The whole listing below should be printed again exactly, with no images.

───

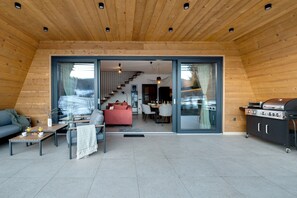 BBQ/picnic Area - Villa Bellis (Mrkopalj)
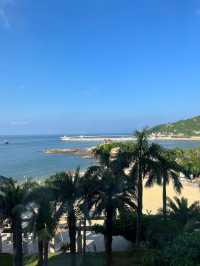 外伶仃島這個海景民宿美暈我了！一進門就被治癒🌊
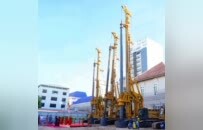 中柬同心，共建未来！徐工“智造”赋能柬埔寨基建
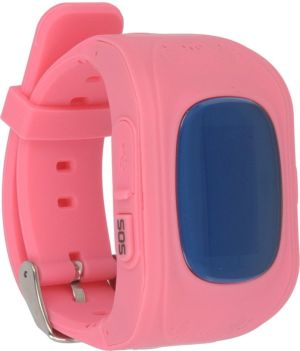 Smartwatch Garett Kids1 Różowy  (5906395193387) 4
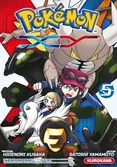 Pokemon xy - tome 5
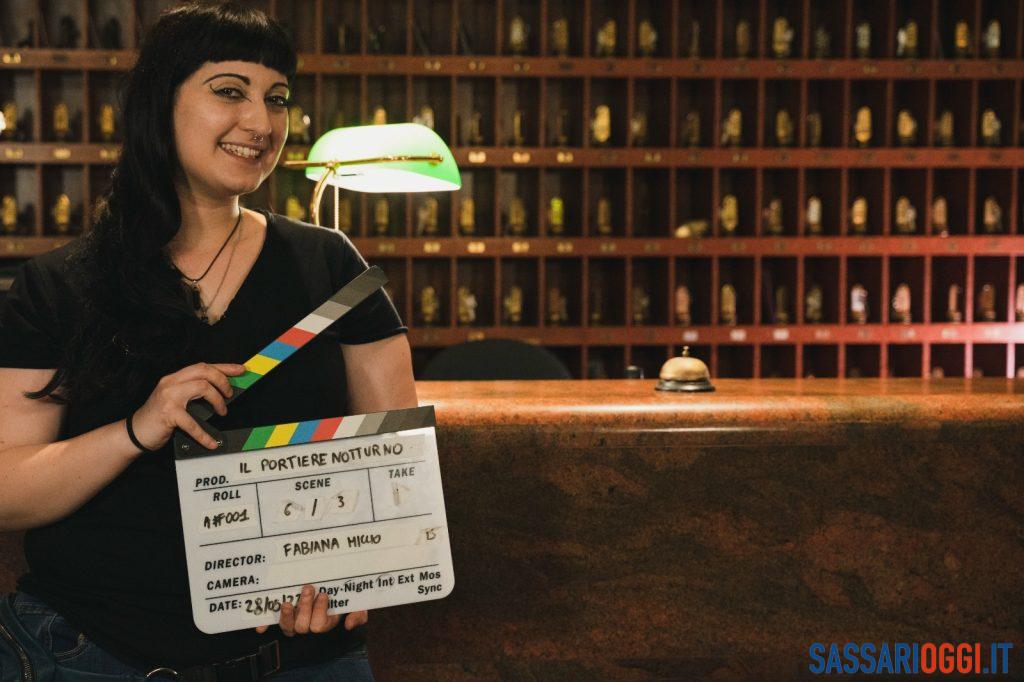 fabiana miccio luca usai sassari il portiere notturno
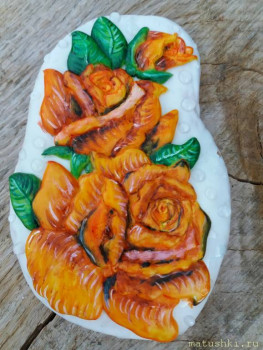 Пряники: роспись имбирных пряников и рецепты. - 20200911_185810.jpg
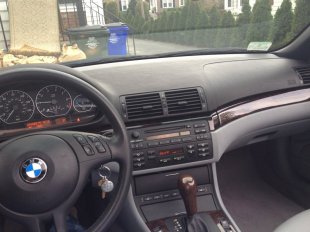 2006 BMW 330  Ci
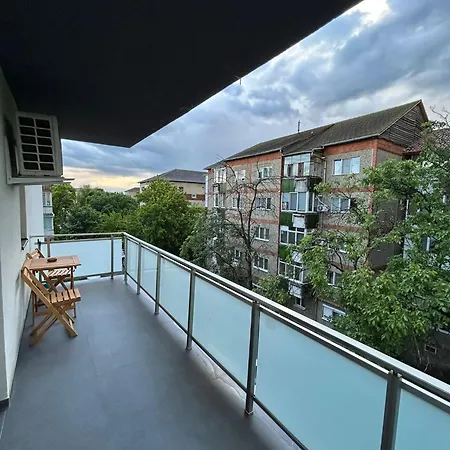 Appartement Joy Sever Bocu 7 *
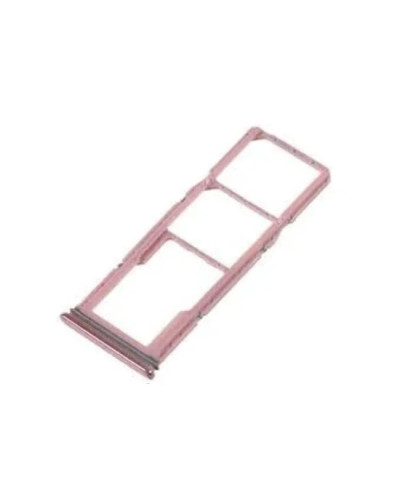 Тримач Sim-карти Samsung A920 Galaxy A9 2018 (Рожевий) Dual Sim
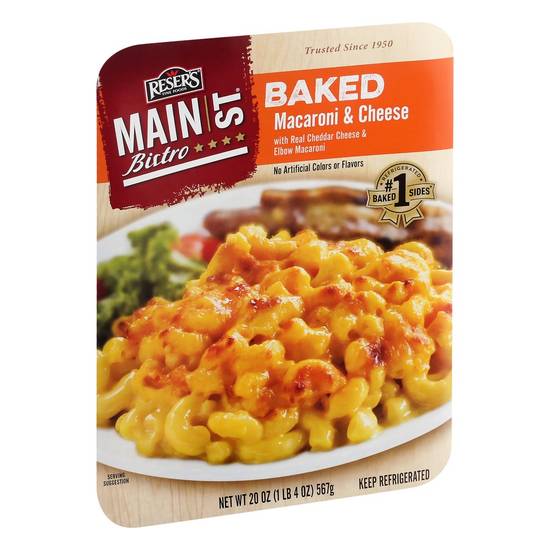 Reser's Baked Mac & Cheese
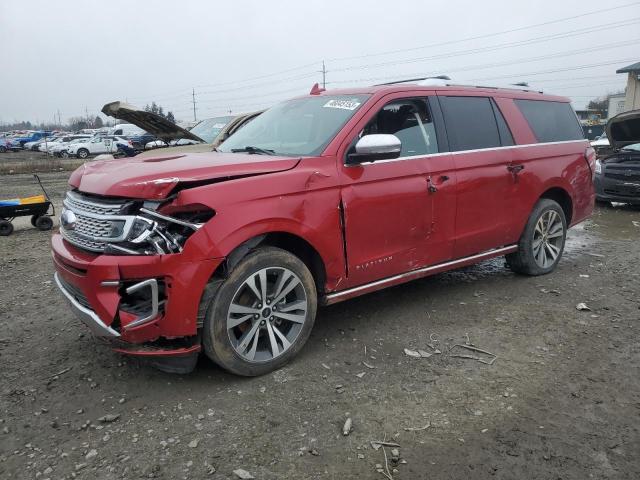 2021 Ford Expedition Max Platinum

───

**Solution to this exercise**
 BBQ/picnic Area - Villa Bellis (Mrkopalj)
 外伶仃島這個海景民宿美暈我了！一進門就被治癒🌊
 中柬同心，共建未来！徐工“智造”赋能柬埔寨基建
 Smartwatch Garett Kids1 Różowy  (5906395193387) 4
 Pokemon xy - tome 5
 fabiana miccio luca usai sassari il portiere notturno
 Пряники: роспись имбирных пряников и рецепты. - 20200911_185810.jpg
 2006 BMW 330  Ci
 Appartement Joy Sever Bocu 7 *
 Тримач Sim-карти Samsung A920 Galaxy A9 2018 (Рожевий) Dual Sim
 Reser's Baked Mac & Cheese
 2021 Ford Expedition Max Platinum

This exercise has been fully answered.